The data traffic to cache and memory is often the limiting bottleneck in modern computer systems. A system with a separate data cache for each vector lane will make it feasible to have a larger total cache size. This may be a useful alternative to having multiple CPU cores. Data transfer between the lanes will be slower than if we have one cache servicing all lanes, but faster than data transfer between different CPU cores. Whether this is an efficient solution depends on the amount of data permutation needed in a specific application.
\vv

\section{Complex instructions}\label{ComplexInstructions}
Some current systems are using a microcode ROM to implement very complex instructions, such as mathematical functions. This has turned out to be inefficient. The use of microcode should be avoided in ForwardCom processors.
\vv

A limited amount of complexity can still be implemented with the flexible design of format templates in ForwardCom. Instructions that do multiple things can be useful because they allow the code to do more work per instruction. Complex instructions should only be implemented if they fit into the streamlined template system, pipeline, and timing constraints.
\vv

A number of complex instructions have been implemented because they offer a definite advantage at relatively low hardware costs. The most complex instructions may be implemented with state machines rather than microcode.
The following instructions have complex functionality:

\begin{itemize}
\item Instructions with memory operand can calculate a memory address, read the value of the memory operand, and do some calculation on this operand. Multiformat instructions can have a memory operand with a choice of different addressing modes. This feature has significant hardware costs because it requires a few extra pipeline stages, but it has a high advantage because it allows a single instruction to do what traditionally requires several instructions in a pure RISC design.

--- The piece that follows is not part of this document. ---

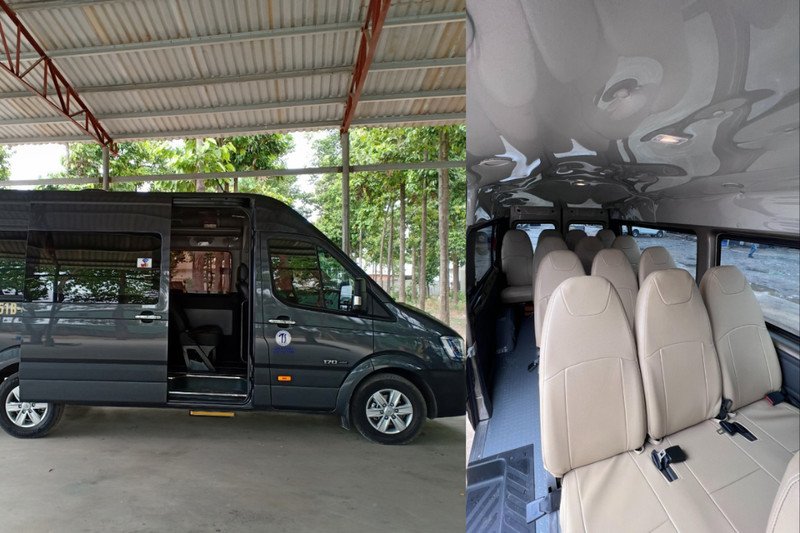 Tài xế kiểm tra số lượng hành khách trước khi khởi hành trên xe khách 16 chỗ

\item Combined arithmetic and branch instructions. All branches depend on the result of some arithmetic or logic operation. Rather than saving the result of the arithmetic instruction in a flag and then make a branch depending on the flag, it is more efficient to combine these two operations into one instruction. The CPU needs the circuitry for both arithmetic and branching anyway, and there are no big costs to combining these two circuits.

\item Loop instructions. It is possible to implement a loop with a single instruction. This instruction can increment a loop counter, compare it with a limit, and branch back if the limit has not been reached. This fits into the general framework of combined arithmetic and branch instructions. Timing problems can be overcome by doing most of the compare operation in parallel with the increment. Another efficient way of making a loop is to decrement a counter down to zero. The special vector loop (see page \pageref{vectorLoops}) is also implemented with a single instruction.

\item Switch-case statements can be coded efficiently with the jump\_relative instruction. This instruction can read a relative pointer from a table of jump addresses, convert it to an absolute address, and jump to this address. Function dispatching can be coded in the same way with the call\_relative instruction. These instructions are straightforward to implement in hardware because they fit into the general pipeline design.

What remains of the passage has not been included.